B. UN TEXTE EN DÉFINITIVE DÉCEVANT

Pour autant, la proximité apparente entre le projet de loi et le texte adopté par le Sénat ne peut occulter l'essentiel. Le texte qui nous est soumis aujourd'hui se révèle décevant.

A côté de mesures techniques parfois utiles, se trouvent de véritables " usines à gaz " (plans d'épargne interentreprises, PPESV, fonds d'épargne solidaire) qui, loin de simplifier les dispositifs existants, ne font que brouiller la lisibilité d'ensemble du système.

Mais le plus grave n'est pas là.

Le texte du Gouvernement se caractérise en effet avant tout par des ambiguïtés dangereuses et une lacune évidente.

1. Des ambiguïtés dangereuses

En réalité, les similitudes apparentes entre le projet de loi et le texte adopté au Sénat restent insuffisantes pour ne pas mettre en lumière une différence d'approche fondamentale .

Pour le Sénat, il s'agissait finalement d'adapter l'ensemble des dispositifs de participation pour favoriser le développement de l'actionnariat salarié dans le sens du progrès social.

L'épargne salariale et a fortiori l'actionnariat salarié ne peuvent se résumer à une simple " coquille vide " servant simplement à fournir un complément de rémunération. Ils doivent au contraire se traduire par une participation croissante du salarié actionnaire à la marche de l'entreprise et surtout aux décisions qui engagent le destin de l'entreprise. C'est pour cela qu'ils doivent être fidélisés et organisés afin de permettre l'émergence d'un pôle d'actionnariat stable et collectif, seul capable de fournir un contrepoids suffisant à la puissance des autres pôles d'actionnariat de l'entreprise.
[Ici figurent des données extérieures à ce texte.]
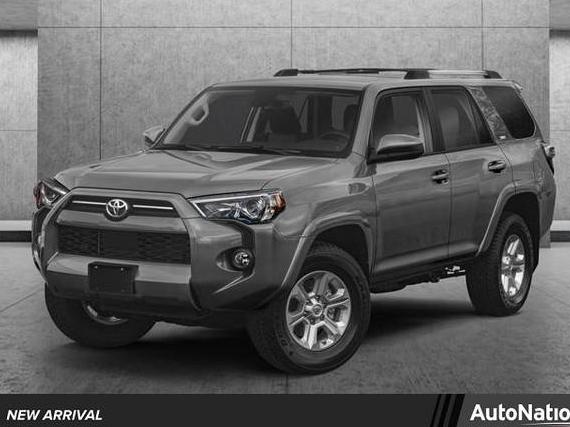 TOYOTA 4-RUNNER 2022 JTEEU5JR6N5267122 image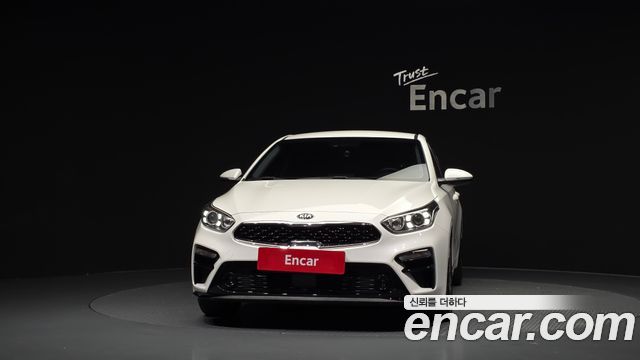 Kia K3 из Кореи Encar
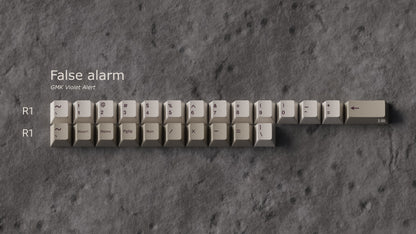 [Group Buy] GMK CYL Violet Alert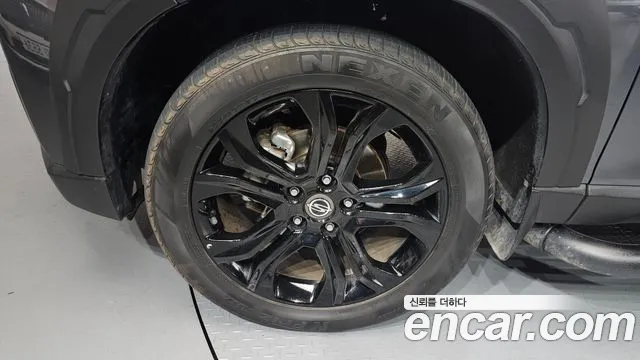 Ssangyong The New Rexton Sports Cannes id 2654876 из Кореи 6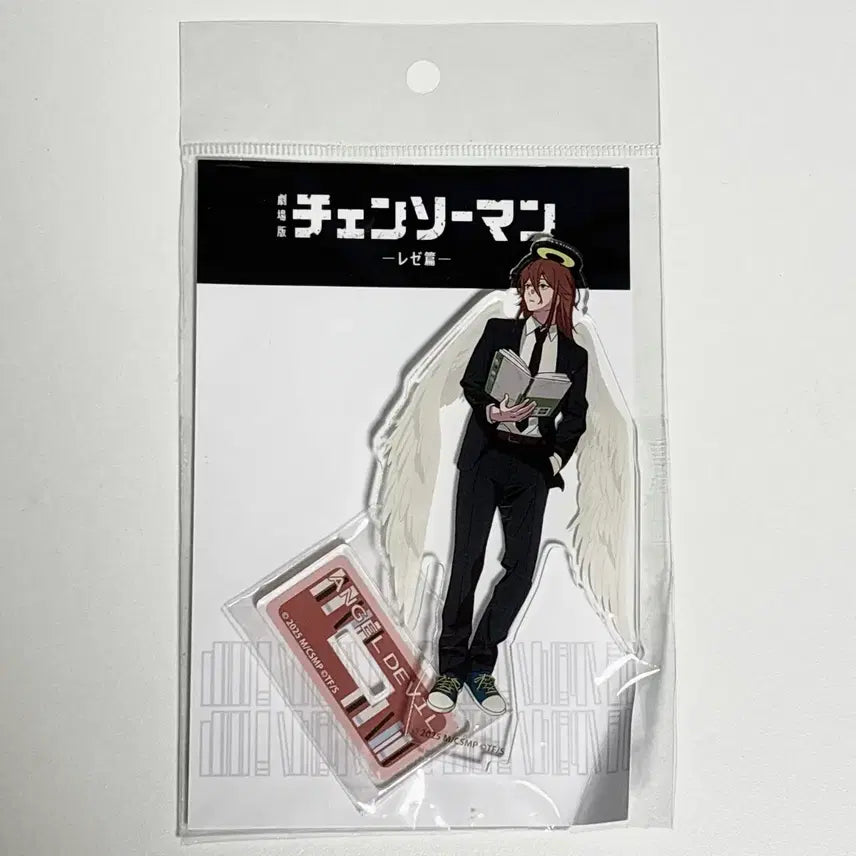 [BUNJANG] Chainsaw Man Angel Devil Bookstore Collaboration Acrylic Stand / 체인소맨 천사의 악마 서점 콜라보 아크릴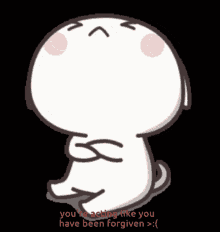 You are not forgiven hmph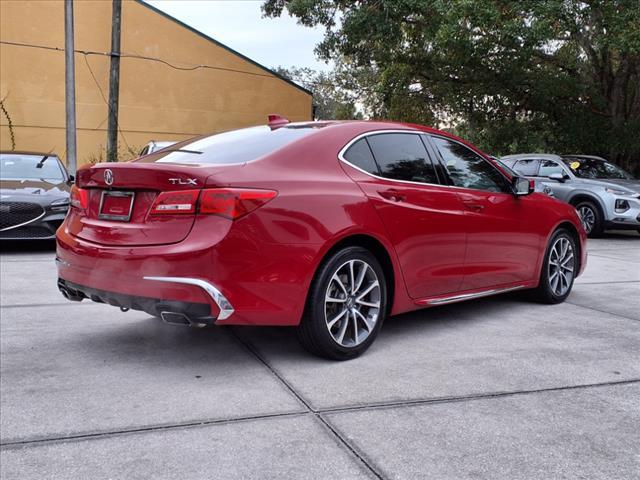 used 2018 Acura TLX car, priced at $16,995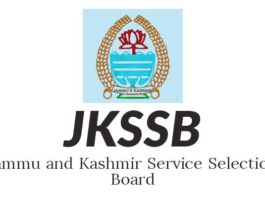 JK Police Constables 4022 Posts of Police Constables Referred to JKSSB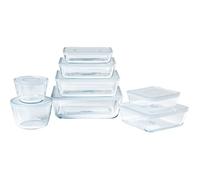 Moule à pâtisserie Pyrex - avec couvercle - Cook & Freeze 8 pièces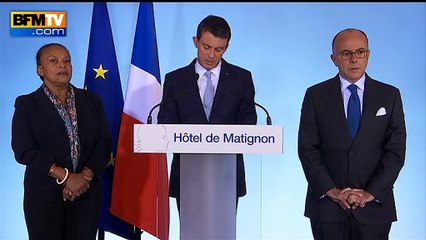 Valls: "La politique pénale actuelle n'est nullement laxiste"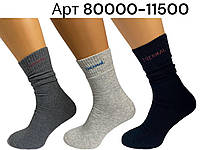 Носки мужские махровые теплые Roff Турция термо носочки для мужчин махра THERMAL арт 80000-11500 Набор 3шт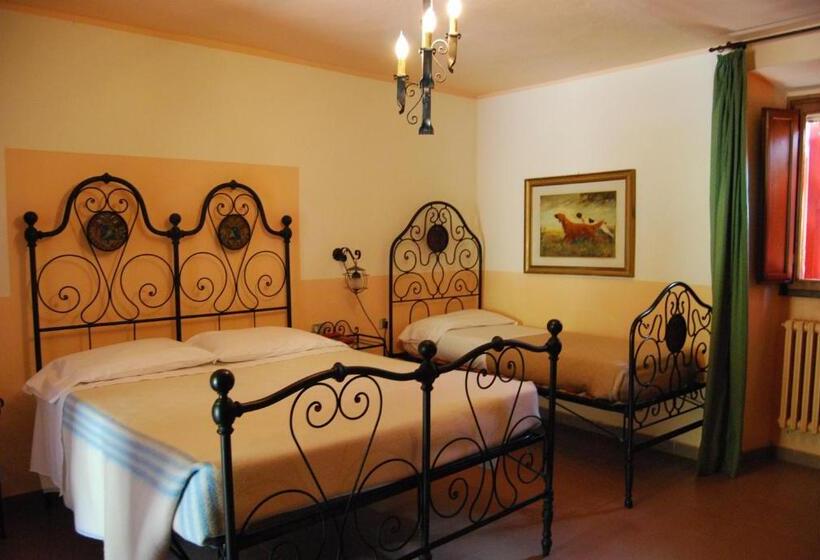 בית מלון כפרי Agriturismo Badia Di Susinana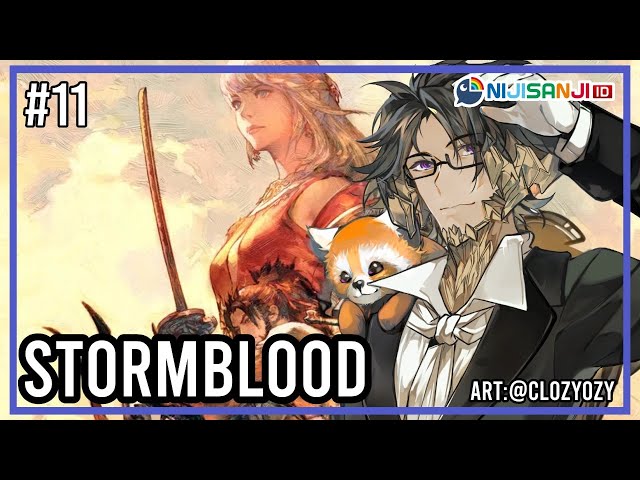 【Final Fantasy XIV】Stormblood Main Scenario Quests! #11【NIJISANJI ID | Taka Radjiman】のサムネイル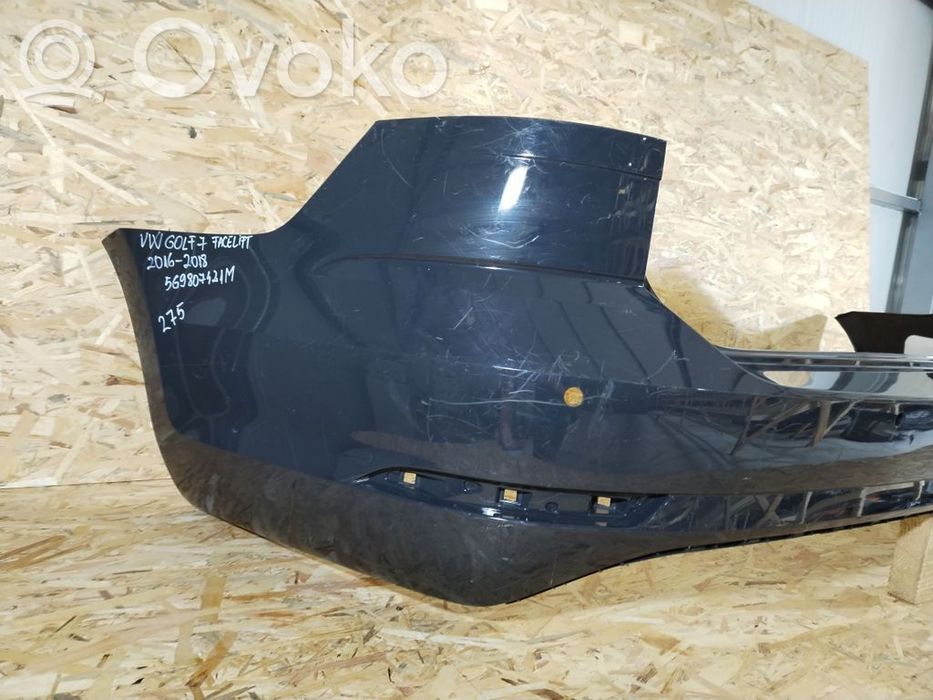 Bara spate VW Golf 7, combi, facelift, 2017, 2018, 2019, 2020, 5G9807421M.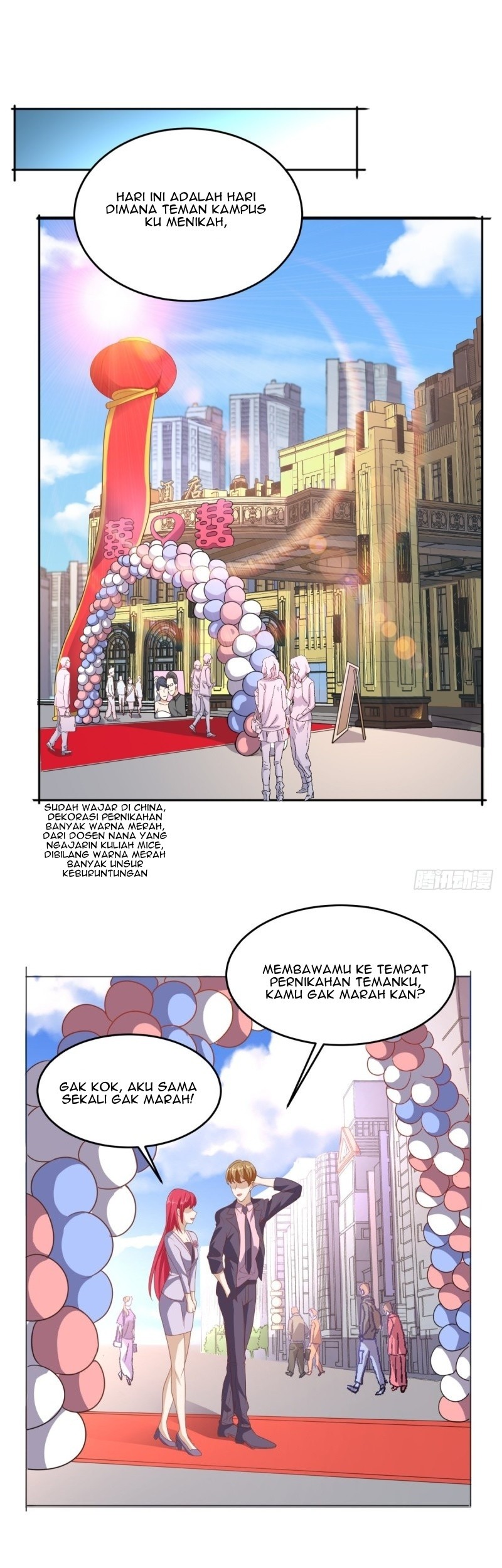 Super WeChat Chapter 118 Gambar 11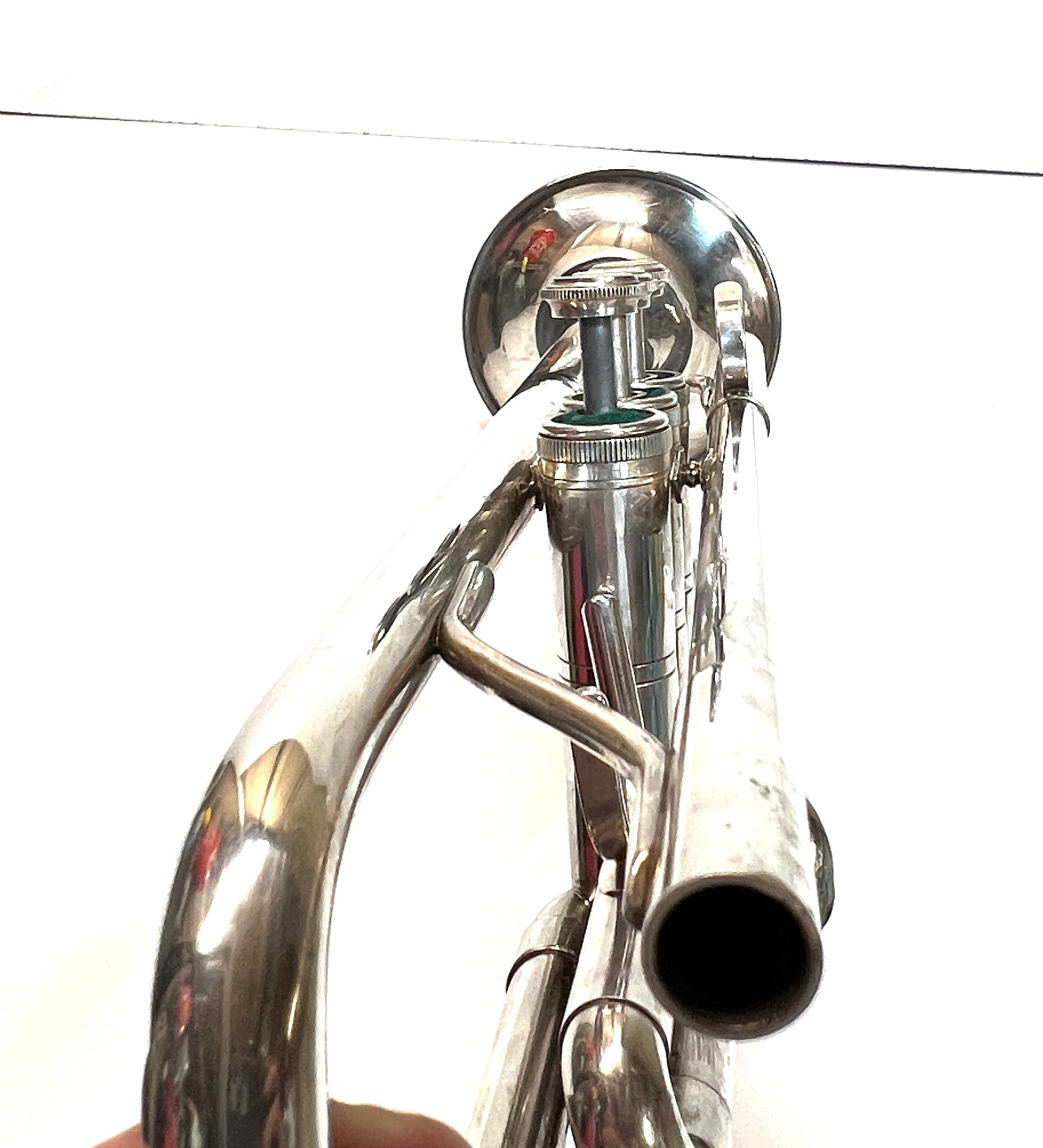 Blessing USA Trumpet Silver Professional Made in Elkhart IN  USED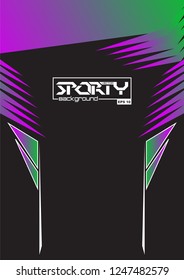 Sporty abstract background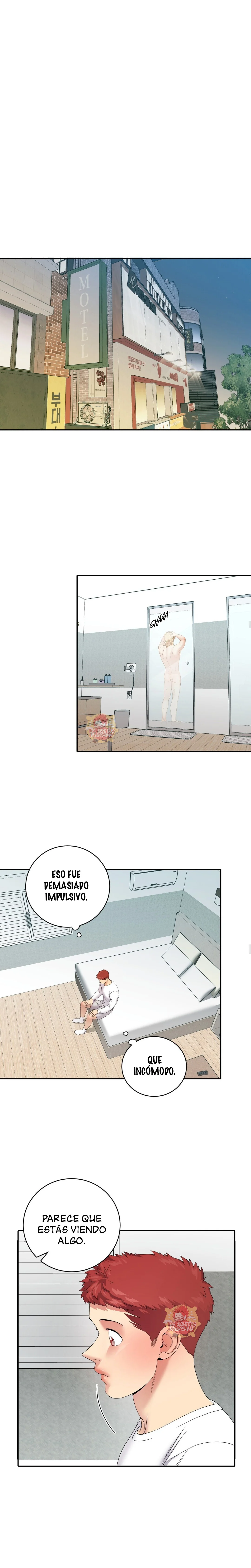 Club de Lucha Capítulo 16 - Page 8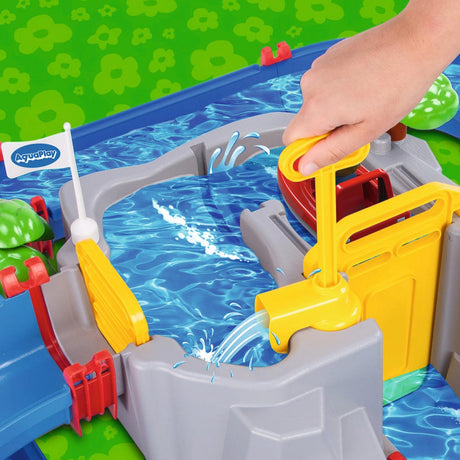 Big aquaplay 1542 - lago de montaña - 126x88 cm - a partir de 3 años - pista de agua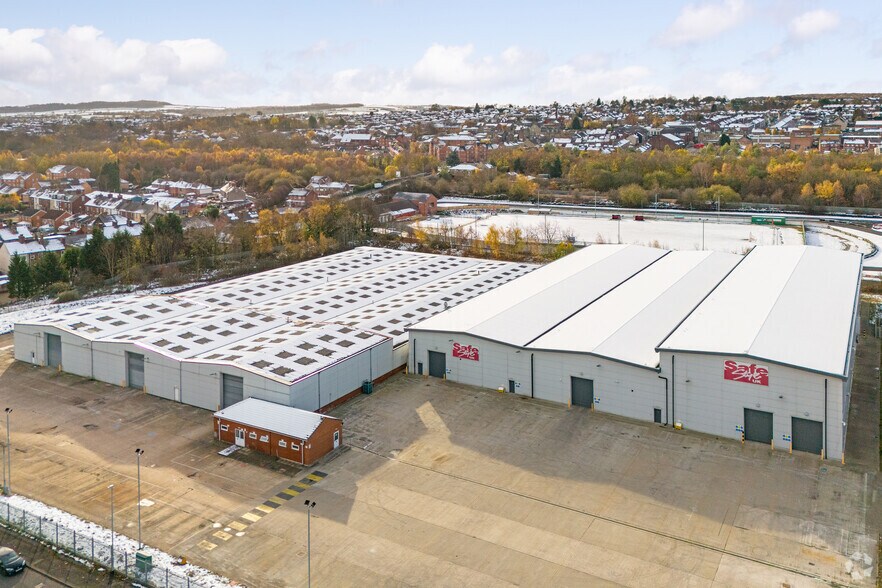 Valley Rd, Wombwell for sale - Building Photo - Image 2 of 4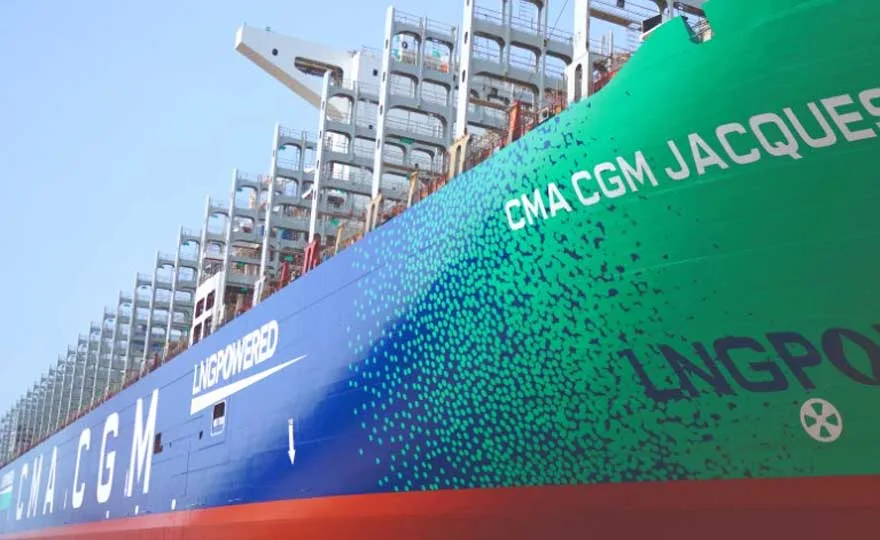 H CMA CGM δεσμεύεται για την προστασία του περιβάλλοντος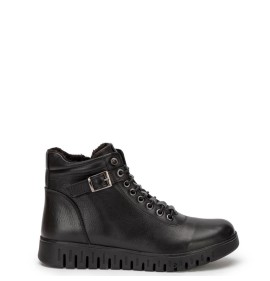 G7800B Women's Leather Boots SABINO Black G7800B Women's Leather Boots SABINO Black
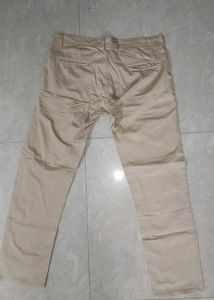 Khaki Casual Pants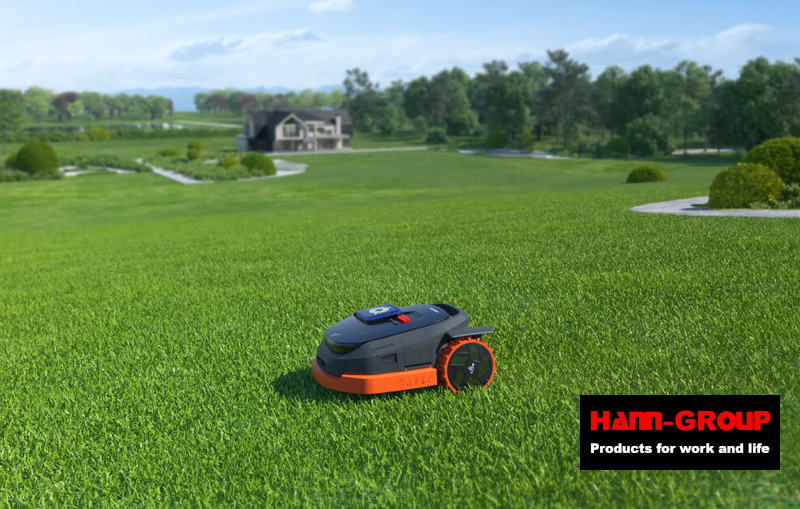 Segway Navimow X350E - X3-Serie bis 5000 m² (fährt wahlweise mit/ohne Antenne dank N-RTK)
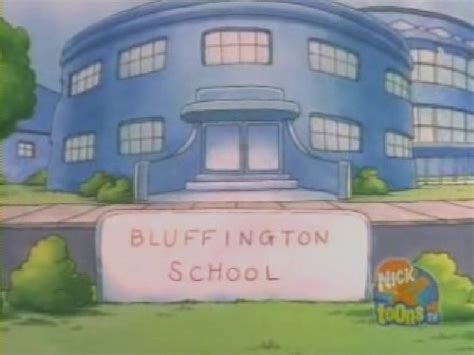 Bluffington School Nickelodeondoug Wiki Fandom Powered By Wikia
C'est à ces conditions seulement que l'épargne salariale et l'actionnariat salarié pourront réellement constituer une " révolution sociale " pour reprendre l'expression chère au Président Poncelet.

A l'inverse, le texte du Gouvernement s'inscrit lui dans une perspective qui, en dépit de certains faux-semblants, tend à privilégier l'approche financière.

Il est en effet à craindre que le Gouvernement ne cherche ici à apporter une réponse à deux questions très éloignées de cette problématique sociale : le financement des retraites et la stagnation du pouvoir d'achat.

Les PPESV, du moins dans leur version originale, apparaissent en effet comme des ersatz à la mise en place de réels fonds de pension et de plans d'épargne retraite. Il semble bien que, reportant continuellement la nécessaire réforme des retraites, le Gouvernement ait voulu permettre aux salariés de se constituer une épargne longue pouvant leur servir de complément de retraite. L'épargne salariale deviendrait alors un pis-aller à l'épargne retraite.

Le débat à l'Assemblée nationale a cependant permis d'éclaircir en partie cette question. Par la suppression de la sortie en rente et par la possibilité d'une sortie " glissante ", le PPESV se rapproche d'un plan d'épargne à long terme même s'il constitue toujours un " produit hybride ". A ce propos, votre rapporteur pour avis ne peut que regretter que ni le Gouvernement, ni l'Assemblée nationale n'aient choisi la solution la plus simple qu'il avait d'ailleurs proposée dans son rapport d'information : moduler les aides financières de l'entreprise (abondement et décote pour les actions) en fonction de la durée d'immobilisation des sommes dans le PEE, cette durée d'immobilisation pouvant alors dépasser cinq ans, lorsqu'un accord collectif le prévoit.

La seconde ambiguïté concerne la nature même de l'épargne salariale. Il n'est pas exclus que, conscient de l'impact défavorable de la mise en place des 35 heures pour l'évolution des salaires, le Gouvernement ait souhaité favoriser l'extension des compléments de rémunération afin de compenser la stagnation du pouvoir d'achat.

Votre rapporteur s'inquiète d'une telle dérive si elle devait se confirmer. Les dispositifs d'épargne salariale n'ont en effet ni vocation à se substituer aux rémunérations, ni vocation à compenser la stagnation des salaires. Leur logique est tout autre : ils visent à une meilleure association du salarié et de l'entreprise.